Sit-in du président du Parlement
Stationné en voiture devant la porte close du Parlement depuis plusieurs heures, Rached Ghannouchi est empêché d'y entrer par des forces militaires qui bloquent les portes de la chambre.
Ennahdha, formation d'inspiration islamiste, a fustigé les mesures de Kais Saied, dénonçant "un coup d'Etat contre la révolution et contre la Constitution" dans un communiqué publié dimanche soir sur Facebook.

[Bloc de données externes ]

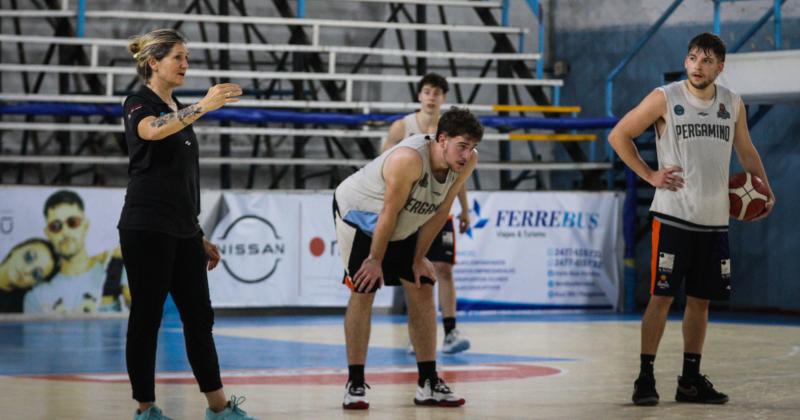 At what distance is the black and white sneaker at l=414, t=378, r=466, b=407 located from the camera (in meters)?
6.59

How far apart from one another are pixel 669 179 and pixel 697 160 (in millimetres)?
187

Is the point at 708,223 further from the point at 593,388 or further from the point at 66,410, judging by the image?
the point at 66,410

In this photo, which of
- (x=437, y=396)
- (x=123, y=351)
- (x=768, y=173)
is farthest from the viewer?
(x=768, y=173)

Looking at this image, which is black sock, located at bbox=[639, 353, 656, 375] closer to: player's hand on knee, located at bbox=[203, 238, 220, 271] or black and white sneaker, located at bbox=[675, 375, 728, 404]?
black and white sneaker, located at bbox=[675, 375, 728, 404]

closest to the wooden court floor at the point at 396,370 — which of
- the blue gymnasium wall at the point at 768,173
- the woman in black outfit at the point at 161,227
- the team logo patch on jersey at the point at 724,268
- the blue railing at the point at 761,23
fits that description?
the woman in black outfit at the point at 161,227

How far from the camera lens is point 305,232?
550 inches

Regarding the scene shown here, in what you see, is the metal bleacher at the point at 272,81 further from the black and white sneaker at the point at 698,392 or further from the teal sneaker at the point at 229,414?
the teal sneaker at the point at 229,414

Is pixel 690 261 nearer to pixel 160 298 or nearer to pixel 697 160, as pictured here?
pixel 697 160

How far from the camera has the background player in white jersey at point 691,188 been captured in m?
6.89

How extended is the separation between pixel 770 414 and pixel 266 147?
427 inches

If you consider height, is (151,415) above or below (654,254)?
below

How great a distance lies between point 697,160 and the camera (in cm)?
691

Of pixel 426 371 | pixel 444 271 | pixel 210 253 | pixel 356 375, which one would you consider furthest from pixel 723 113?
pixel 444 271

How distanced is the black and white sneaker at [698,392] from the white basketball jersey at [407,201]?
1.65 meters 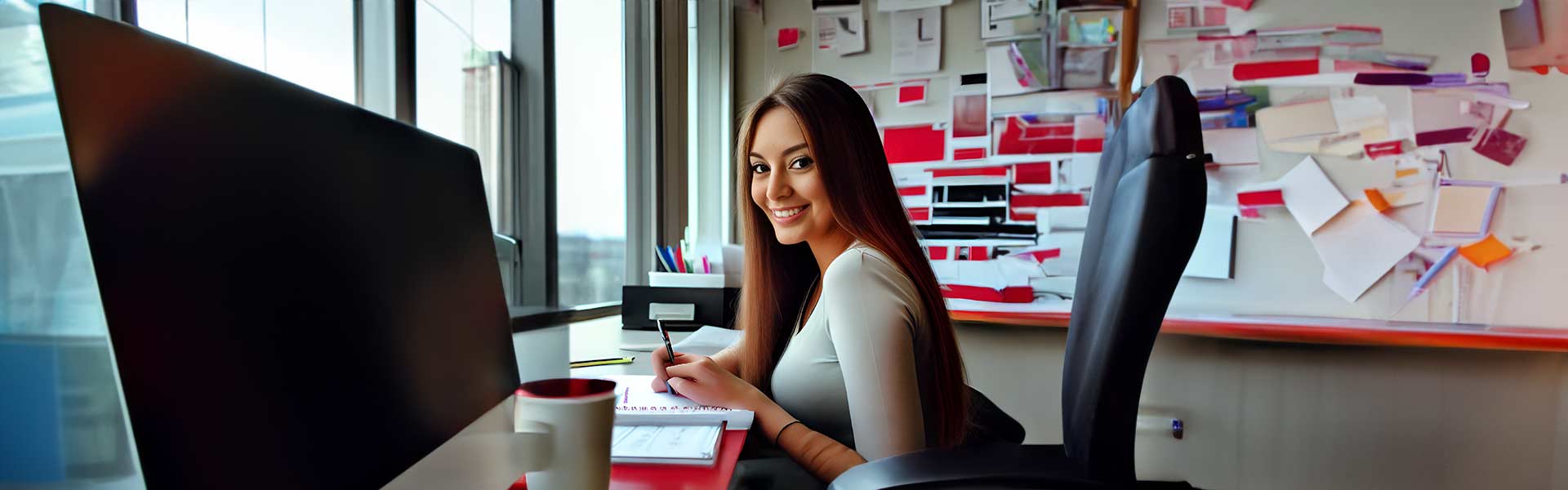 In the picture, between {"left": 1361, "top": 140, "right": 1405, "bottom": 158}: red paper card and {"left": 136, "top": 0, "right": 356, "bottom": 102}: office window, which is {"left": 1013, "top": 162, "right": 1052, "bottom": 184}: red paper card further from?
{"left": 136, "top": 0, "right": 356, "bottom": 102}: office window

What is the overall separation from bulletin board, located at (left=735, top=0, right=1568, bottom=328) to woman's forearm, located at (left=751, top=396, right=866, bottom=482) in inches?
54.7

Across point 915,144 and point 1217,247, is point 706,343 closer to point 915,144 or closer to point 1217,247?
point 915,144

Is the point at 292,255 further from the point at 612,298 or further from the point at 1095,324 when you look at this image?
the point at 612,298

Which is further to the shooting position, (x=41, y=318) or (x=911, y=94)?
(x=911, y=94)

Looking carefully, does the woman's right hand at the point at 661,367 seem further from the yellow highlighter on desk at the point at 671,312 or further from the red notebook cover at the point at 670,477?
the yellow highlighter on desk at the point at 671,312

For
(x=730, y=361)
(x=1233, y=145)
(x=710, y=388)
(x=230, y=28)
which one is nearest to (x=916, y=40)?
(x=1233, y=145)

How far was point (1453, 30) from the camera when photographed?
165 centimetres

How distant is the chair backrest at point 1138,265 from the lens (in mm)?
547

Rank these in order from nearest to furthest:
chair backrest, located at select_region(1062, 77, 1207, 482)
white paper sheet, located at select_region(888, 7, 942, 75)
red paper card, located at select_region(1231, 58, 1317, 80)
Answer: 1. chair backrest, located at select_region(1062, 77, 1207, 482)
2. red paper card, located at select_region(1231, 58, 1317, 80)
3. white paper sheet, located at select_region(888, 7, 942, 75)

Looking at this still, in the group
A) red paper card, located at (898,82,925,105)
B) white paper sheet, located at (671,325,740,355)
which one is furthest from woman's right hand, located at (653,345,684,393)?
red paper card, located at (898,82,925,105)

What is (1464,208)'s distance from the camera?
1.64 metres

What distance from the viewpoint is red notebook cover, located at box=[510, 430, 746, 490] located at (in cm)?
56

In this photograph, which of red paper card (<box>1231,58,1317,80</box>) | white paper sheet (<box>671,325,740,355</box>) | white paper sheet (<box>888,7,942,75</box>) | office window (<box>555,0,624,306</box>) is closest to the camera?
white paper sheet (<box>671,325,740,355</box>)

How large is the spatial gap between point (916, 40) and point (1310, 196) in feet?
3.67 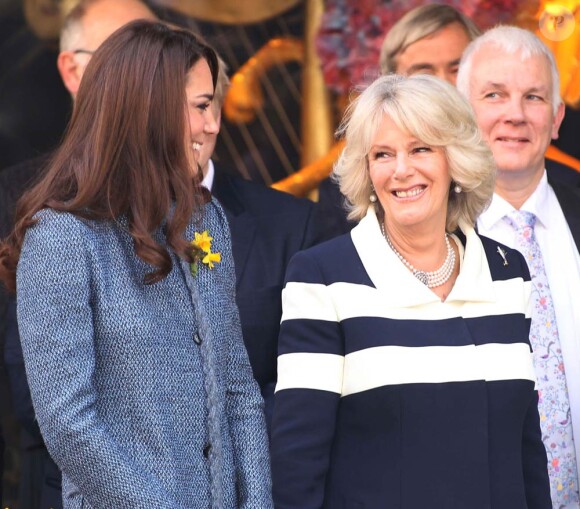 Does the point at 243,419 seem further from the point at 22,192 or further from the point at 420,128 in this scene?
the point at 22,192

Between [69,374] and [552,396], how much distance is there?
191 centimetres

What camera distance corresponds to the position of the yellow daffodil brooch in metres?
2.84

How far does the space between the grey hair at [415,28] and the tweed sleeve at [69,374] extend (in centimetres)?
242

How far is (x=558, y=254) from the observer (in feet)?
13.9

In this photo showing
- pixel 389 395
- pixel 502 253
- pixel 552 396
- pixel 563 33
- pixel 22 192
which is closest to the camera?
pixel 389 395

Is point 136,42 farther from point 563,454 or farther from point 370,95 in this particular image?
point 563,454

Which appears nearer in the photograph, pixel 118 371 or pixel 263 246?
pixel 118 371

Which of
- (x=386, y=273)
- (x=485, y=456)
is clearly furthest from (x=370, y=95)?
(x=485, y=456)

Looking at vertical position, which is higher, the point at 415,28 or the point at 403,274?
the point at 415,28

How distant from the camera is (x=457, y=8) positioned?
16.9 feet

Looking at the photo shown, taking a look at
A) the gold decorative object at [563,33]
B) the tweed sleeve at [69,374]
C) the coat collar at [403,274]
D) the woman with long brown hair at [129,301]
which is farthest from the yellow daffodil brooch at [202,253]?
the gold decorative object at [563,33]

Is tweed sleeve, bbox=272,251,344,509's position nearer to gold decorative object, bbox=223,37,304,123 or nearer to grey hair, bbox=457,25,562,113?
grey hair, bbox=457,25,562,113

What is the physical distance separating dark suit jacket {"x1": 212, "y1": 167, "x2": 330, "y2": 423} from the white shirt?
0.60 meters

Le président de la République se chargera lui-même du pouvoir exécutif "avec l'aide d'un gouvernement, dont le président sera désigné par le chef de l'Etat", avait déclaré la veille Kais Saied à l'issue d'une réunion d'urgence au Palais de Carthage avec des responsables des forces de sécurité.
Crise sanitaire
Un bras de fer en cours depuis six mois entre Rached Ghannouchi et le président Kais Saied paralyse le gouvernement et désorganise les pouvoirs publics, alors que la Tunisie fait face depuis début juillet à un pic de Covid-19.

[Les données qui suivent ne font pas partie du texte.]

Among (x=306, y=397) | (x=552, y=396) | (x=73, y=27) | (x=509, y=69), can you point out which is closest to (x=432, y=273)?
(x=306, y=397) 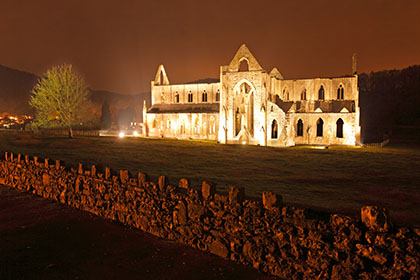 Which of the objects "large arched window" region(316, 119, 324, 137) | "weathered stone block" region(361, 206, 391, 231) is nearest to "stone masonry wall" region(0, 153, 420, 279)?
"weathered stone block" region(361, 206, 391, 231)

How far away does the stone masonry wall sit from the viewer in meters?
4.91

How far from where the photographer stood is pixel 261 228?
6.55 metres

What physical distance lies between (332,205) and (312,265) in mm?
7776

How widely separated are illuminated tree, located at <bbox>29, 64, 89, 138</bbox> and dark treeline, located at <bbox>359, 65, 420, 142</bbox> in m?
60.8

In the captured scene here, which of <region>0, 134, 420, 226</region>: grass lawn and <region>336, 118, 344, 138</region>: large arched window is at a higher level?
<region>336, 118, 344, 138</region>: large arched window

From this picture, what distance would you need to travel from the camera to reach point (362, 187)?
17094 mm

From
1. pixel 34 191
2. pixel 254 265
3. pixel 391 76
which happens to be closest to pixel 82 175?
pixel 34 191

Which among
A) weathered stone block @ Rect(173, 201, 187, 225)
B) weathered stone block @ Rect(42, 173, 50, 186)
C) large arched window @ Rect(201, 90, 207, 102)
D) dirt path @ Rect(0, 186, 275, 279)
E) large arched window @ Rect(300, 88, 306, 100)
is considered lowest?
dirt path @ Rect(0, 186, 275, 279)

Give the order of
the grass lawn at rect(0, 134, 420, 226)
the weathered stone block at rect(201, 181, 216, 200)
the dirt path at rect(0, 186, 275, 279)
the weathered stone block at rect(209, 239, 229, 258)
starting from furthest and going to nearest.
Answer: the grass lawn at rect(0, 134, 420, 226)
the weathered stone block at rect(201, 181, 216, 200)
the weathered stone block at rect(209, 239, 229, 258)
the dirt path at rect(0, 186, 275, 279)

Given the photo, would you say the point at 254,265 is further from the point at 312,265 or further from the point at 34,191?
the point at 34,191

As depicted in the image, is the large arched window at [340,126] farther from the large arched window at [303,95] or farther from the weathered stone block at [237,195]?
the weathered stone block at [237,195]

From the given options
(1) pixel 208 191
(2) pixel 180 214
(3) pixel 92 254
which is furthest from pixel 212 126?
(1) pixel 208 191

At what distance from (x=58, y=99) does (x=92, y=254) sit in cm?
4201

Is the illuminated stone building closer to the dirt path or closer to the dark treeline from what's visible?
the dark treeline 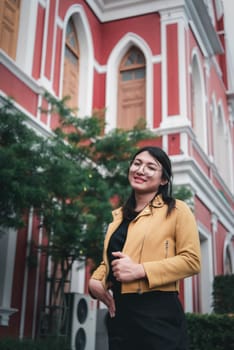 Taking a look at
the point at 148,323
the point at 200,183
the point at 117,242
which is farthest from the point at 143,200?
the point at 200,183

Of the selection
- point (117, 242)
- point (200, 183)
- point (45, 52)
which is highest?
point (45, 52)

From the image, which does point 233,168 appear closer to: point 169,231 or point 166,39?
Answer: point 166,39

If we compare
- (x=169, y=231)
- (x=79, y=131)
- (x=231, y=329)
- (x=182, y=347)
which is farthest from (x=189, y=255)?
(x=231, y=329)

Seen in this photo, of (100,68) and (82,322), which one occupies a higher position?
(100,68)

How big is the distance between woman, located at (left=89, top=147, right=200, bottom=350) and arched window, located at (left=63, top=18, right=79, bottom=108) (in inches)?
342

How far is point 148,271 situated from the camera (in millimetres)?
1813

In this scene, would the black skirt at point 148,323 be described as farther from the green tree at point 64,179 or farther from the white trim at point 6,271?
the white trim at point 6,271

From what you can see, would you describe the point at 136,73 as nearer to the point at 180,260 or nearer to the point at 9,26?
the point at 9,26

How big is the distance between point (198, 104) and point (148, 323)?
40.6 feet

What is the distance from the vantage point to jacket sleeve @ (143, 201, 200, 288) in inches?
71.5

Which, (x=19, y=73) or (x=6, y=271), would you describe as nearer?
(x=6, y=271)

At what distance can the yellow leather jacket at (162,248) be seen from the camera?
183 centimetres

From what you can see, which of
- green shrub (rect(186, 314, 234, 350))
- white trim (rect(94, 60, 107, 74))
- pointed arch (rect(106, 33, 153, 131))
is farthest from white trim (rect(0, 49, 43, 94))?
green shrub (rect(186, 314, 234, 350))

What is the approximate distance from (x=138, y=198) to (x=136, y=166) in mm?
135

Avec ses quasi 18'000 morts pour 12 millions d'habitants, le pays a l'un des pires taux de mortalité au monde.
afp/vajo
La suspension du Parlement soutenue par un puissant syndicat
L'Union générale des travailleurs tunisiens (UGTT), influente centrale syndicale, a implicitement soutenu lundi la suspension du Parlement par le président tunisien Kais Saied, estimant que ses décisions étaient "conformes" à la Constitution, tout en appelant à la poursuite du processus démocratique.
Ces "mesures exceptionnelles prises par le président de la République conformément à l'article 80 de la Constitution" visent à "prévenir un danger imminent et à rétablir le fonctionnement normal des rouages de l'Etat, au vu de l'épidémie de Covid-19", souligne le syndicat dans un communiqué.
Des mesures critiquées à l'étranger
La décision du président de suspendre le gouvernement a aussi été critiquée à l'étranger.
Ankara, allié d'Ennahdha, a notamment appelé à restaurer la "légitimité démocratique" et Berlin à "revenir à l'ordre constitutionnel le plus rapidement possible".
L'Allemagne a également appelé au "respect des libertés civiles, qui est l'un des gains les plus importants de la révolution tunisienne" de 2011, souvent présentée comme la seule réussie du printemps arabe.